Saturday, 10 December 2011

A man came...

John 1:6-8,19-28 

A man came, sent by God.
His name was John.
He came as a witness,
as a witness to speak for the light,
so that everyone might believe through him.
He was not the light,
only a witness to speak for the light.
This is how John appeared as a witness. When the Jews sent priests and Levites from Jerusalem to ask him, ‘Who are you?’ he not only declared, but he declared quite openly, ‘I am not the Christ.’ ‘Well then,’ they asked ‘are you Elijah?’ ‘I am not’ he said. ‘Are you the Prophet?’ He answered, ‘No.’ So they said to him, ‘Who are you? We must take back an answer to those who sent us. What have you to say about yourself?’ So John said, ‘I am, as Isaiah prophesied:
a voice that cries in the wilderness:
Make a straight way for the Lord.’
Now these men had been sent by the Pharisees, and they put this further question to him, ‘Why are you baptising if you are not the Christ, and not Elijah, and not the prophet?’ John replied, ‘I baptise with water; but there stands among you – unknown to you – the one who is coming after me; and I am not fit to undo his sandal-strap.’ This happened at Bethany, on the far side of the Jordan, where John was baptising.
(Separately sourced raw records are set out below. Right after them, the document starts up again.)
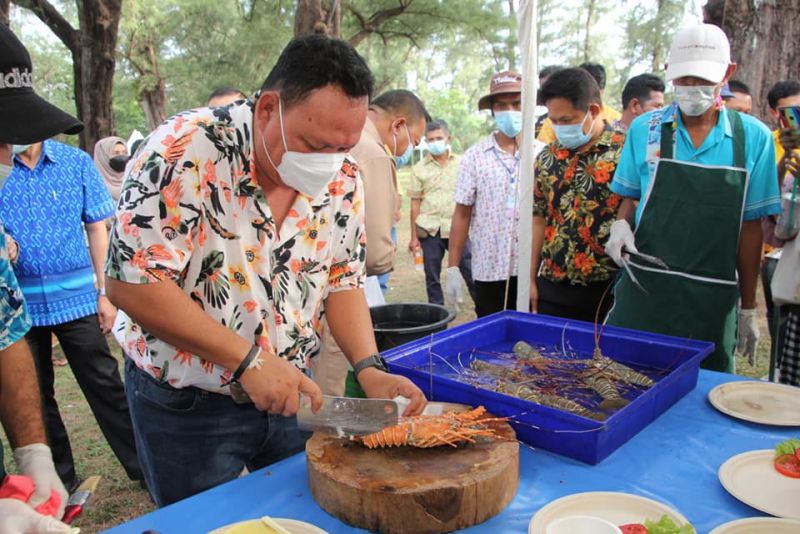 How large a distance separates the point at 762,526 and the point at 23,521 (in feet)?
5.53

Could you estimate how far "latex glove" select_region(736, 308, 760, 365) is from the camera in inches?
124

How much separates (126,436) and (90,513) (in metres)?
0.46

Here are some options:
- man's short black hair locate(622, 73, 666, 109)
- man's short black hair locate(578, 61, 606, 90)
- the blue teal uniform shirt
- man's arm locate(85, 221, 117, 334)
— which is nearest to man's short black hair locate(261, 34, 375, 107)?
the blue teal uniform shirt

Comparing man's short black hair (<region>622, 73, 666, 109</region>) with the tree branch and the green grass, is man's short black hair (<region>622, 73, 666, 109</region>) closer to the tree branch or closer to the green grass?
the green grass

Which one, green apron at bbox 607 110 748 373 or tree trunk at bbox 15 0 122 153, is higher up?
tree trunk at bbox 15 0 122 153

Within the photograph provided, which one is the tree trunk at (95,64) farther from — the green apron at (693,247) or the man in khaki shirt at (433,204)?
the green apron at (693,247)

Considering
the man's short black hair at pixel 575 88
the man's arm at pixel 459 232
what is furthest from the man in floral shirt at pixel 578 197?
the man's arm at pixel 459 232

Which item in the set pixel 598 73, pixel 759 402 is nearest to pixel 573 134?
pixel 759 402

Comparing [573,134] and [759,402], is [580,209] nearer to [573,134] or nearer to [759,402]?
[573,134]

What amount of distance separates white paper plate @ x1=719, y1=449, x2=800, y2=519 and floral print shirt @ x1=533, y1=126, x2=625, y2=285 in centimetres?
174

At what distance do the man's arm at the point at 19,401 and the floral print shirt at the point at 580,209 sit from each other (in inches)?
106

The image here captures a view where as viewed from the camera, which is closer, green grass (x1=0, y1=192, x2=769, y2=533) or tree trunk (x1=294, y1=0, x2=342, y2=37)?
green grass (x1=0, y1=192, x2=769, y2=533)

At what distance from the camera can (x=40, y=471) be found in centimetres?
157

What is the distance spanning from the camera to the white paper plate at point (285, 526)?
4.58 feet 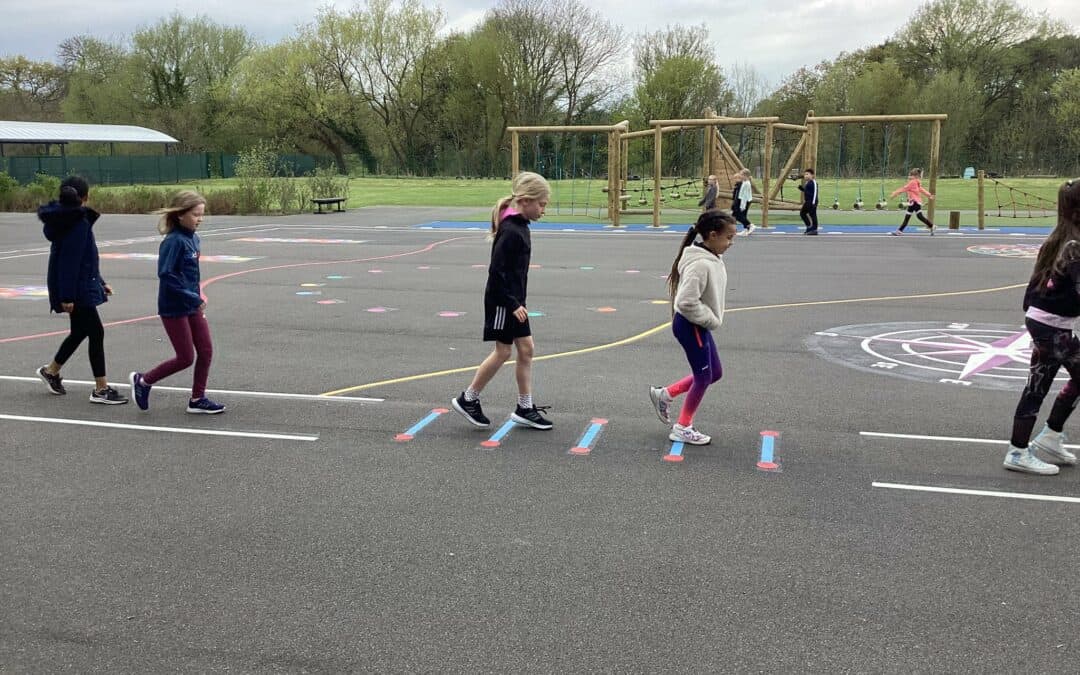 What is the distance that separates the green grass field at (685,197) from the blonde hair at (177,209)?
2379cm

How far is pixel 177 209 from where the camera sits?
6262 millimetres

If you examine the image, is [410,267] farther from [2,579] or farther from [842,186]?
[842,186]

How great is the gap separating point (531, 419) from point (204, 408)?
2.44m

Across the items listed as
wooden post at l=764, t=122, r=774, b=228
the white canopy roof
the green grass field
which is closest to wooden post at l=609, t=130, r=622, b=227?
the green grass field

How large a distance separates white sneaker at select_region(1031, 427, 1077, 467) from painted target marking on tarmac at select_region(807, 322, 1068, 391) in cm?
188

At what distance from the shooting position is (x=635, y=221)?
2938cm

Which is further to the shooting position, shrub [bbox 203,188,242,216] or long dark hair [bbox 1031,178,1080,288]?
shrub [bbox 203,188,242,216]

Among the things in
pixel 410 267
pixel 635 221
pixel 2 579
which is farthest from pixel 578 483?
pixel 635 221

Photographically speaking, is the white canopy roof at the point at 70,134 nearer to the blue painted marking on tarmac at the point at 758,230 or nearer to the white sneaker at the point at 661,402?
the blue painted marking on tarmac at the point at 758,230

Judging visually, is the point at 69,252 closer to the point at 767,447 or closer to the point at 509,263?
the point at 509,263

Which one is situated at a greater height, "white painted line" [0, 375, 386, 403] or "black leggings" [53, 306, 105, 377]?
"black leggings" [53, 306, 105, 377]

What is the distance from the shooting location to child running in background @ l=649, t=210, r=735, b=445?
217 inches

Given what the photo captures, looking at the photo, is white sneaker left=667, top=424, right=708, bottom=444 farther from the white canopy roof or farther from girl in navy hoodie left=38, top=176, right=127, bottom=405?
the white canopy roof

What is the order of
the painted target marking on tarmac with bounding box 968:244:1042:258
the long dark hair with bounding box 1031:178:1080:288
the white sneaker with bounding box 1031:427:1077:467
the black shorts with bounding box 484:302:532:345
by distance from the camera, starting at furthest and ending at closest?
the painted target marking on tarmac with bounding box 968:244:1042:258 < the black shorts with bounding box 484:302:532:345 < the white sneaker with bounding box 1031:427:1077:467 < the long dark hair with bounding box 1031:178:1080:288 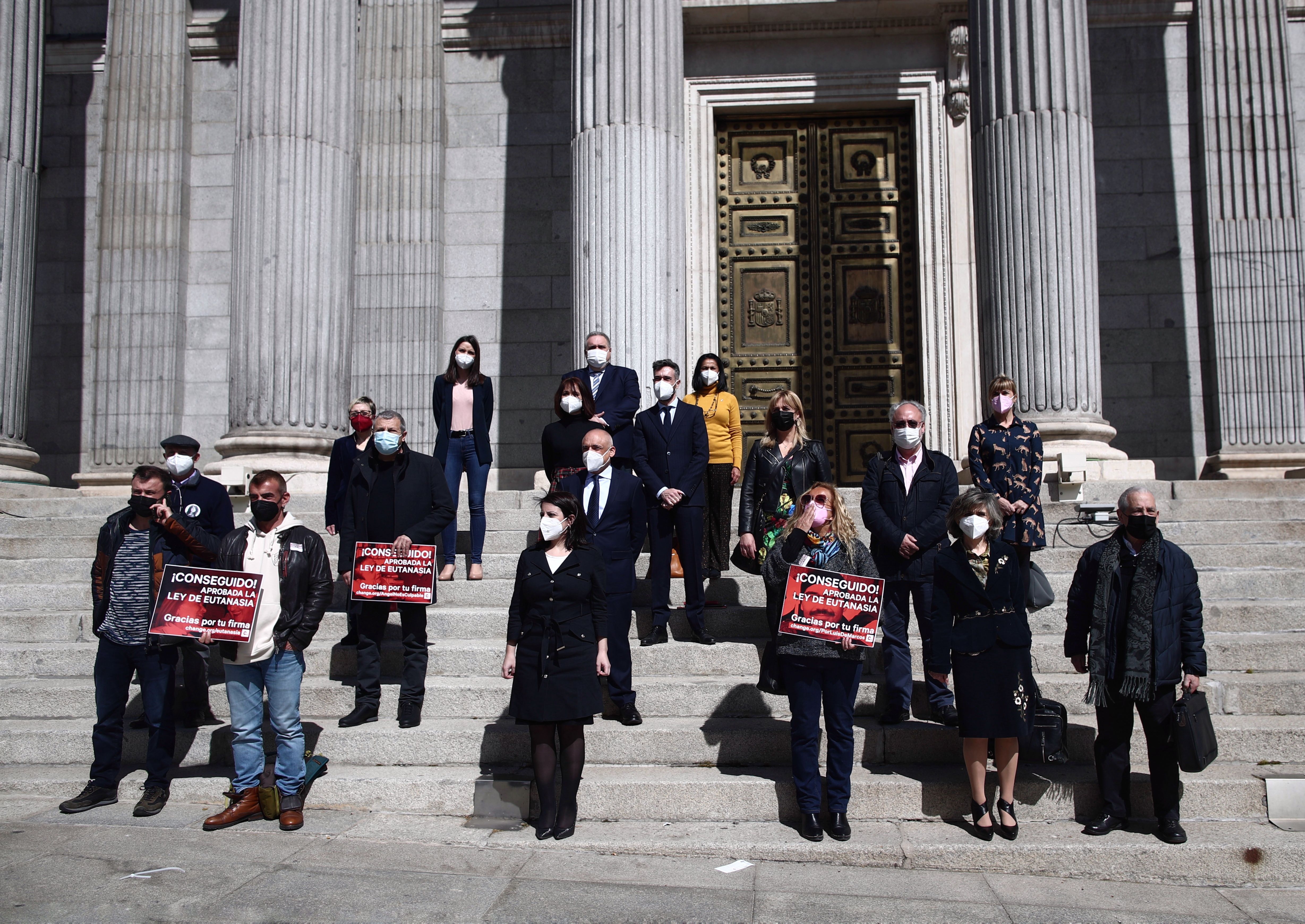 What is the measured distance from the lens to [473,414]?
950 cm

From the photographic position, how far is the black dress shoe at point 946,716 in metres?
6.66

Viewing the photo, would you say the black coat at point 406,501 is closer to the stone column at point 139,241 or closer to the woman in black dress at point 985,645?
the woman in black dress at point 985,645

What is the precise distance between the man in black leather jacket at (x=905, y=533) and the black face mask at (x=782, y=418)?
2.24 ft

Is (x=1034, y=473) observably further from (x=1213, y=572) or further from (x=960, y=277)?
(x=960, y=277)

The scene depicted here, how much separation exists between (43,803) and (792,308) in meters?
10.6

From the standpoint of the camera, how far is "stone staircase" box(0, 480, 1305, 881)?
625cm

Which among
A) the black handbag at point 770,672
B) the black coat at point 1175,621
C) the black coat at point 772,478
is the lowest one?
the black handbag at point 770,672

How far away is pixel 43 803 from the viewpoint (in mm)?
6758

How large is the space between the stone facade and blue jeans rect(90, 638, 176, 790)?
540 cm

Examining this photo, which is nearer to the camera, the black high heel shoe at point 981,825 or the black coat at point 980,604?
the black high heel shoe at point 981,825

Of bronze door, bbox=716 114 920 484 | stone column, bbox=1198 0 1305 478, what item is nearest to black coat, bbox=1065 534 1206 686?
bronze door, bbox=716 114 920 484

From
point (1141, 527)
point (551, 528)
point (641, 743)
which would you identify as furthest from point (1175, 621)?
point (551, 528)

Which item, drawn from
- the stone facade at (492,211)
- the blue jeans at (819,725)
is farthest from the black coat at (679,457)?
the stone facade at (492,211)

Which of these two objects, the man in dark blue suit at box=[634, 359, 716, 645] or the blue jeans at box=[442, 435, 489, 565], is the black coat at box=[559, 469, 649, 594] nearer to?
the man in dark blue suit at box=[634, 359, 716, 645] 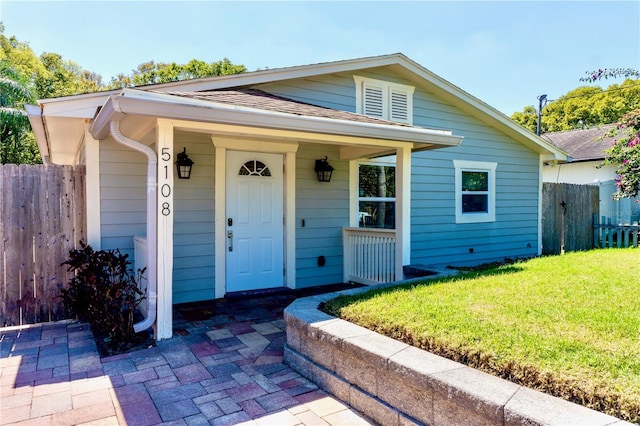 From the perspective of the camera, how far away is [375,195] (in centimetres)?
722

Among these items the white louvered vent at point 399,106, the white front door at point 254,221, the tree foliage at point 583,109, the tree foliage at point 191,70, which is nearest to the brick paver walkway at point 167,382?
the white front door at point 254,221

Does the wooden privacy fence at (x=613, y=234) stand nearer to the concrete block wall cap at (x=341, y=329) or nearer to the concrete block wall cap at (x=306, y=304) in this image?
the concrete block wall cap at (x=306, y=304)

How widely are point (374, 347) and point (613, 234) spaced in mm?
10626

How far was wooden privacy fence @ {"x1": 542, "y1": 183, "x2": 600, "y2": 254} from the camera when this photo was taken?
980 centimetres

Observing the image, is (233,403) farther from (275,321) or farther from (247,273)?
(247,273)

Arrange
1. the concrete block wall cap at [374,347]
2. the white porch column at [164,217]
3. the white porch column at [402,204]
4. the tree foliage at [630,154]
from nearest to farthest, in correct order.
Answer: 1. the concrete block wall cap at [374,347]
2. the white porch column at [164,217]
3. the white porch column at [402,204]
4. the tree foliage at [630,154]

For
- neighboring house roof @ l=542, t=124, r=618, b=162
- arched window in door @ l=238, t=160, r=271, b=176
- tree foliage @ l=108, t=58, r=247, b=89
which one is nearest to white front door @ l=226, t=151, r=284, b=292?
arched window in door @ l=238, t=160, r=271, b=176

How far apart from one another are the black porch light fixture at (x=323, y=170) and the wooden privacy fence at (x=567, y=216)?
608cm

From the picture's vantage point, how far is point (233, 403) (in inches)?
112

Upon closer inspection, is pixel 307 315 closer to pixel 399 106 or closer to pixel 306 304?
pixel 306 304

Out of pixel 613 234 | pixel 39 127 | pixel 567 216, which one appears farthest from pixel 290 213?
pixel 613 234

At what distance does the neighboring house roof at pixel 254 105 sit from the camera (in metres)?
3.91

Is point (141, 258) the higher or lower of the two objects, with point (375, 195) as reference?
lower

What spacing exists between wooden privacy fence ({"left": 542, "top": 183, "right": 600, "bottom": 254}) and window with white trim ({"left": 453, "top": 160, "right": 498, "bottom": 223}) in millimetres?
1944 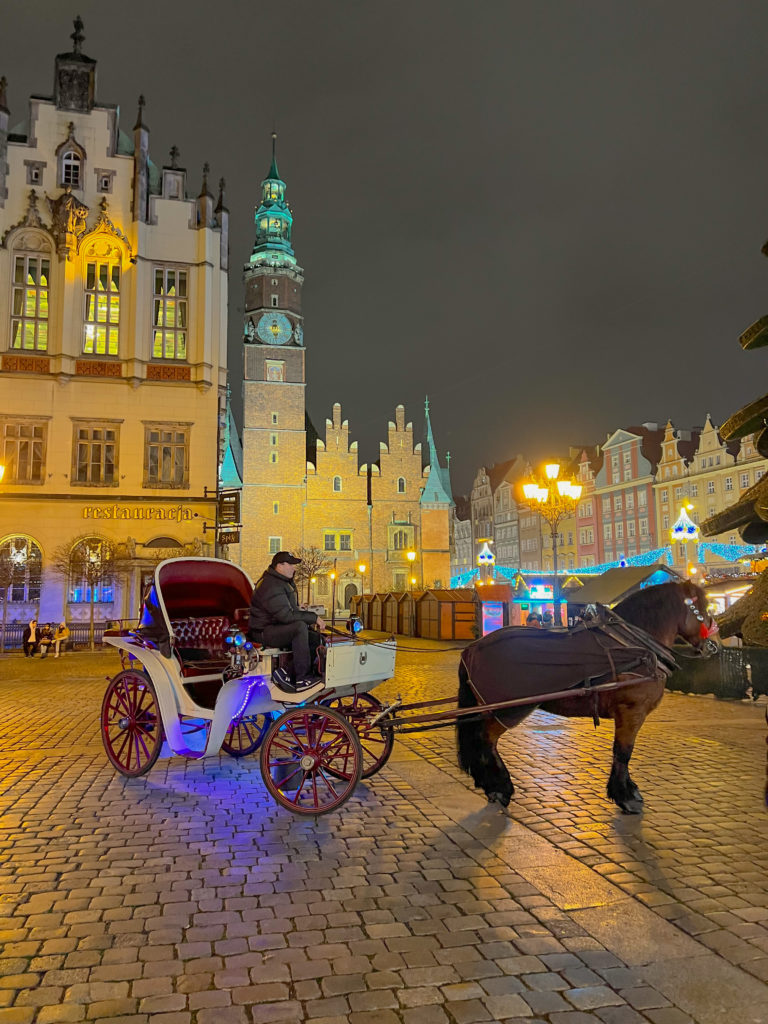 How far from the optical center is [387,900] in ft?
13.1

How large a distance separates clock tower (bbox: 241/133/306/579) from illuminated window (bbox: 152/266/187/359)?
28.1 meters

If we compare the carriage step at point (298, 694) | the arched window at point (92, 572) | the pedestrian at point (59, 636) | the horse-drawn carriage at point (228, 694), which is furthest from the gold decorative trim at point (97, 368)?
the carriage step at point (298, 694)

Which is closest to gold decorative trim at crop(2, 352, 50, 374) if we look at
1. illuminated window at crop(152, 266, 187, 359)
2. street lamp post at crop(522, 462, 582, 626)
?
illuminated window at crop(152, 266, 187, 359)

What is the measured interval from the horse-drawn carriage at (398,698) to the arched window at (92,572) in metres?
18.0

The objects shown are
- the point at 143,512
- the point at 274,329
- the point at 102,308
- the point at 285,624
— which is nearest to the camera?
the point at 285,624

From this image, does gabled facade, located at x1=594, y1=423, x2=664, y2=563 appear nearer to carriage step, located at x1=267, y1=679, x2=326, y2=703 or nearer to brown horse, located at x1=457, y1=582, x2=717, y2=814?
brown horse, located at x1=457, y1=582, x2=717, y2=814

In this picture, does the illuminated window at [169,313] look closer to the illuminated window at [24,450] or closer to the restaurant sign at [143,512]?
the illuminated window at [24,450]

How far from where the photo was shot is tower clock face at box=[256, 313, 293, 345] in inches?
2356

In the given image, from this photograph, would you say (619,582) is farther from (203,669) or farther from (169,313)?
(169,313)

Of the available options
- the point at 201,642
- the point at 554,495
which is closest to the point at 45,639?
the point at 554,495

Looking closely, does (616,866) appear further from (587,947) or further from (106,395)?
(106,395)

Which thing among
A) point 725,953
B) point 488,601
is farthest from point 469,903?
point 488,601

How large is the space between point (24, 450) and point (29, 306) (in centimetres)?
539

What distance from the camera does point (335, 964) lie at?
3279 millimetres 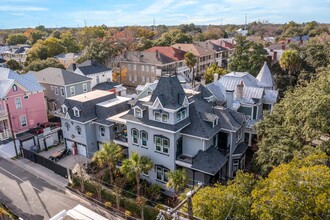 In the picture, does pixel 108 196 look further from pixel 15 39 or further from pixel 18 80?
pixel 15 39

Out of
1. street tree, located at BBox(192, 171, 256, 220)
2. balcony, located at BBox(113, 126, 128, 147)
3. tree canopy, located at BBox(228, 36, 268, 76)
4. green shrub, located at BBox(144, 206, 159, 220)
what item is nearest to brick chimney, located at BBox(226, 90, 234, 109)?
balcony, located at BBox(113, 126, 128, 147)

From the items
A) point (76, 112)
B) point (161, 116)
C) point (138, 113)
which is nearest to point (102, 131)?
point (76, 112)

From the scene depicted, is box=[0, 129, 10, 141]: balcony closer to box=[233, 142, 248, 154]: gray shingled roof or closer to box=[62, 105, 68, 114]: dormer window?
box=[62, 105, 68, 114]: dormer window

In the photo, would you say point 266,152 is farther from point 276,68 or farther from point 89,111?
point 276,68

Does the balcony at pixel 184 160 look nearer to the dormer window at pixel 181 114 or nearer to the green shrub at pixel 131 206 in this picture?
the dormer window at pixel 181 114

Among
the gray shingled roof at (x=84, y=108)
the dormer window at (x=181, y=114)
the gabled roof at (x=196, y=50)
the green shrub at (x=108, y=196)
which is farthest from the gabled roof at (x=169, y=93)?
the gabled roof at (x=196, y=50)

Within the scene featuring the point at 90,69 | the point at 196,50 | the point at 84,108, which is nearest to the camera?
the point at 84,108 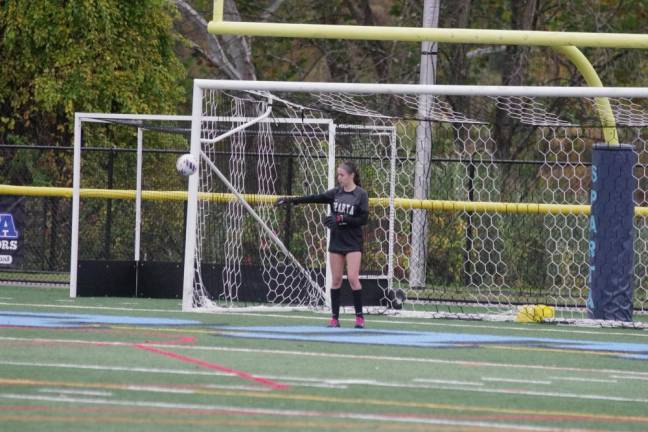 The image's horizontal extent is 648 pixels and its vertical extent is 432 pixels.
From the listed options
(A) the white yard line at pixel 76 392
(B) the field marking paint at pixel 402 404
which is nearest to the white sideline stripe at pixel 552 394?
(B) the field marking paint at pixel 402 404

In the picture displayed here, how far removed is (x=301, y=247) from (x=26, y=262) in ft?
15.2

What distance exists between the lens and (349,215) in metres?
15.4

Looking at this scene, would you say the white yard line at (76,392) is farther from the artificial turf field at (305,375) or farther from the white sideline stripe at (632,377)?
the white sideline stripe at (632,377)

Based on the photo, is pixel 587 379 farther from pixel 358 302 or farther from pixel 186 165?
pixel 186 165

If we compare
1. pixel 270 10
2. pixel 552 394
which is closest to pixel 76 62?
pixel 270 10

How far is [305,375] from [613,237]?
6843 mm

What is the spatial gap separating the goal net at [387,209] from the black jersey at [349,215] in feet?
4.35

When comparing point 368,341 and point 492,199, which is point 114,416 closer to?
point 368,341

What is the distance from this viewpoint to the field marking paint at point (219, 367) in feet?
33.4

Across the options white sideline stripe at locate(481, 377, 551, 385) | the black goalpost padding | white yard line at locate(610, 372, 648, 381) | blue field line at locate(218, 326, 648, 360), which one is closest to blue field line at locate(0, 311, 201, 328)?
blue field line at locate(218, 326, 648, 360)

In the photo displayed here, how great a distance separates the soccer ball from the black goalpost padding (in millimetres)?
4816

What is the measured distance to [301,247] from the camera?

It would seem that John has not wandered far from Mark's account, yet there are some significant moments in John's retelling that meant something then and so, mean something now.

The calling out into the wilderness from the sacred space of the Temple is an incredible event. The Temple meant everything to the Jews; holding onto the centre of their faith particularly during the occupation was immensely important. Yet people left and went into the desert and down to the riverbank to listen to a disheveled preacher.

John had something; and it was enough of a something to give people hope that their prayers had been answered. The prophets often appeared out of nowhere; voices in the wilderness; voices crying against the empty hearts of those who do not want to hear.

But people did want to hear; they came to hear and stayed to listen. John speaking against the authorities and yet the authorities taking no action against him ; Herod admires him. The Pharisees are asking their questions out of the hope that it could be true- this could be the Prophet - the Messiah.

Would they have know the story of his own miraculous birth? The signs are there.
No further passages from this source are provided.